[PROVIDED MATERIAL]

•••••

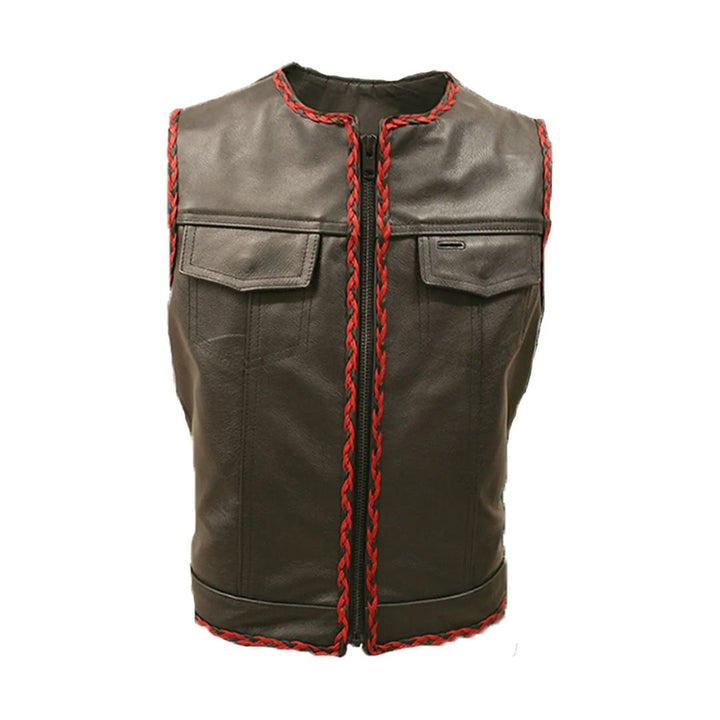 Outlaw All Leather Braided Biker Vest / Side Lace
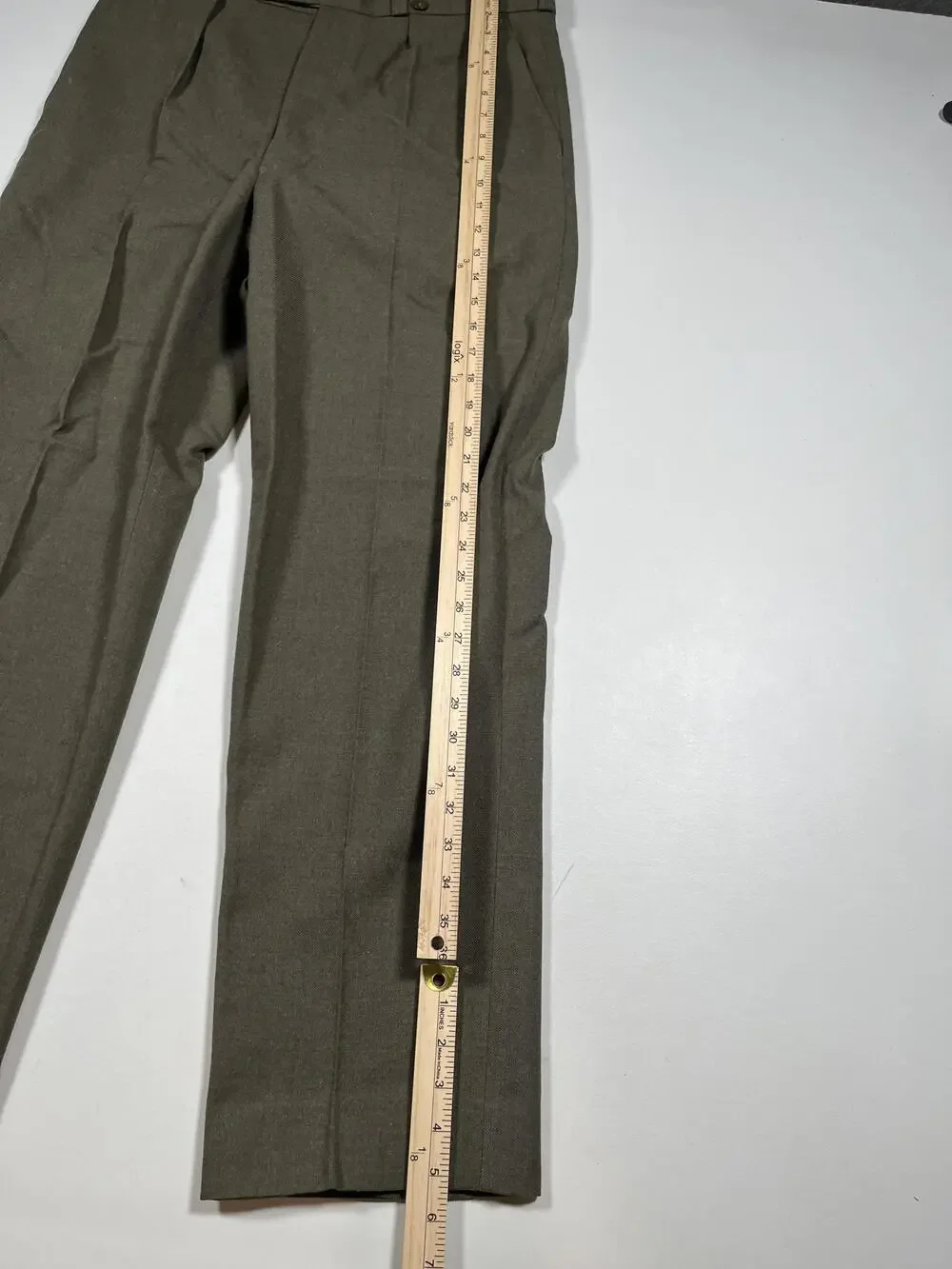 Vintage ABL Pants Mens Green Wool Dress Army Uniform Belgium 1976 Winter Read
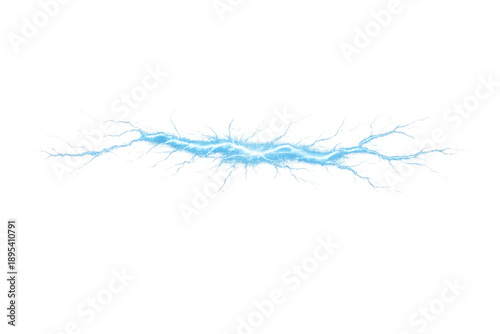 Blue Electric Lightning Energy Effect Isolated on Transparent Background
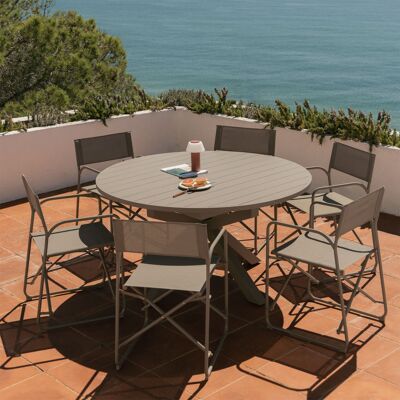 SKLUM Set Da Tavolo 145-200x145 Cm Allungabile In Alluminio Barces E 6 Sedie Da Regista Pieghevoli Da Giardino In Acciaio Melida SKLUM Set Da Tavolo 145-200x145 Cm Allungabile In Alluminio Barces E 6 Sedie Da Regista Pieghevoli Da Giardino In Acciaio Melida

•••••

[ASSIGNMENT] Output exactly the lines from the one that has "Vintage ABL Pants" through the end of the data. Do not include pictures.

[EXERCISE SOLUTION]
 Vintage ABL Pants Mens Green Wool Dress Army Uniform Belgium 1976 Winter Read
 Blue Electric Lightning Energy Effect Isolated on Transparent Background
 SKLUM Set Da Tavolo 145-200x145 Cm Allungabile In Alluminio Barces E 6 Sedie Da Regista Pieghevoli Da Giardino In Acciaio Melida SKLUM Set Da Tavolo 145-200x145 Cm Allungabile In Alluminio Barces E 6 Sedie Da Regista Pieghevoli Da Giardino In Acciaio Melida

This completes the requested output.